Ce bricolage du détail, cet artisanat si « féminin » – « l’association des idées apportant l’association des techniques », comme le dit l’artiste – incite le spectateur de l’exposition à adopter un regard critique, rempli d’humour et de sensibilité. Autrement-dit à confectionner ses propres interprétations de la rêverie corporelle. En se réappropriant le corps – ou plutôt son image – Dominique Cerf ne met pas en cause ses formes ou ses pulsions mais notre manière de les interpréter, elle explique qu’elle essaye tout simplement de « s’arranger avec le réel qui la chagrine ».

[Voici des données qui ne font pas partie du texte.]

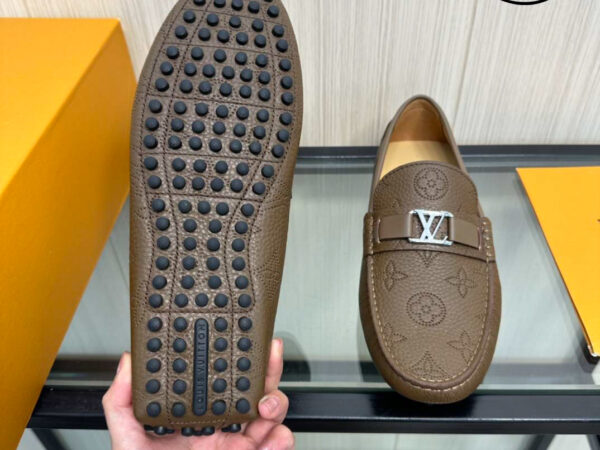 Giày Louis Vuitton Moccasin Nâu Vân Monogram Chìm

Ce qui est certain c’est que l’art ne va changer ni la conception du désir, ni celle de la femme-objet, du mâle-chasseur ou de la vie domestique « bien rangée » et commercialisée. Il est pourtant probable qu’il puisse avoir une incidence sur notre approche de ces questions. Il y a en effet dans le travail de Dominique Cerf des détails extrêmement poétiques qui transcendent discrètement la banalité : par exemple un filet de paillettes qui évacue tout le trivial et ne garde que le désir et l’amour. C’est certes un travail sur la vie des « adultes » mais il rappelle la joie de l’enfant qui veut encore rêver.
NOTES
(1) La même chose est évidemment valable pour deux femmes ou deux hommes, pour toutes les femmes et tous les hommes. Mais ce qui est ici plus important c’est le caractère indéniablement sexué de certaines expériences esthétiques.
(2) Jean-Marie Brohm, Le Corps analyseur. Essais de sociologie critique, Paris, Anthropos/Economica, 2001.
(3) Paul Schilder, L’Image du corps. Étude des forces constructives de la psyché, Paris, Gallimard, 1968, p. 39.